▶ [RECORDS FOR THE TASK]

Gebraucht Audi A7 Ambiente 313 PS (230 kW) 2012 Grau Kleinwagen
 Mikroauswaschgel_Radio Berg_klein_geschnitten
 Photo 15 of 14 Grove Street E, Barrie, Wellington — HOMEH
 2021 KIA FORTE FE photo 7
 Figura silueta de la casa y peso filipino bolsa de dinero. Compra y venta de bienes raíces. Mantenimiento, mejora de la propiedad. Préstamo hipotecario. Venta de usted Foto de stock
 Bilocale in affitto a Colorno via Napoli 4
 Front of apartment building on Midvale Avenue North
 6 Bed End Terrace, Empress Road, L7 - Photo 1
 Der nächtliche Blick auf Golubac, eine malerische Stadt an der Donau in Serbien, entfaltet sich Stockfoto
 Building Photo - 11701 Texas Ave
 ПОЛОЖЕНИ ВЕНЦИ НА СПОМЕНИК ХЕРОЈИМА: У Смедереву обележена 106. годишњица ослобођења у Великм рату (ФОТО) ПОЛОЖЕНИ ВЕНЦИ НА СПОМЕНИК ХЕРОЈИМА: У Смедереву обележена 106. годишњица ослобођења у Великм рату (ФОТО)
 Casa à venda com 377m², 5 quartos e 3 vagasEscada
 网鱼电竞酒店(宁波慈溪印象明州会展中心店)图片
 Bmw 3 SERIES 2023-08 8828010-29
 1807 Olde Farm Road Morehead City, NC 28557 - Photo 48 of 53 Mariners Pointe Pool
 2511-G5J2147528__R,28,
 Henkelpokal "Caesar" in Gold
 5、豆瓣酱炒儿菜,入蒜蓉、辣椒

▶ [TASK PROMPT]
A complete, exact copy of the records is what is needed.

▶ [RESULT OF THIS EXERCISE]
Gebraucht Audi A7 Ambiente 313 PS (230 kW) 2012 Grau Kleinwagen
 Mikroauswaschgel_Radio Berg_klein_geschnitten
 Photo 15 of 14 Grove Street E, Barrie, Wellington — HOMEH
 2021 KIA FORTE FE photo 7
 Figura silueta de la casa y peso filipino bolsa de dinero. Compra y venta de bienes raíces. Mantenimiento, mejora de la propiedad. Préstamo hipotecario. Venta de usted Foto de stock
 Bilocale in affitto a Colorno via Napoli 4
 Front of apartment building on Midvale Avenue North
 6 Bed End Terrace, Empress Road, L7 - Photo 1
 Der nächtliche Blick auf Golubac, eine malerische Stadt an der Donau in Serbien, entfaltet sich Stockfoto
 Building Photo - 11701 Texas Ave
 ПОЛОЖЕНИ ВЕНЦИ НА СПОМЕНИК ХЕРОЈИМА: У Смедереву обележена 106. годишњица ослобођења у Великм рату (ФОТО) ПОЛОЖЕНИ ВЕНЦИ НА СПОМЕНИК ХЕРОЈИМА: У Смедереву обележена 106. годишњица ослобођења у Великм рату (ФОТО)
 Casa à venda com 377m², 5 quartos e 3 vagasEscada
 网鱼电竞酒店(宁波慈溪印象明州会展中心店)图片
 Bmw 3 SERIES 2023-08 8828010-29
 1807 Olde Farm Road Morehead City, NC 28557 - Photo 48 of 53 Mariners Pointe Pool
 2511-G5J2147528__R,28,
 Henkelpokal "Caesar" in Gold
 5、豆瓣酱炒儿菜,入蒜蓉、辣椒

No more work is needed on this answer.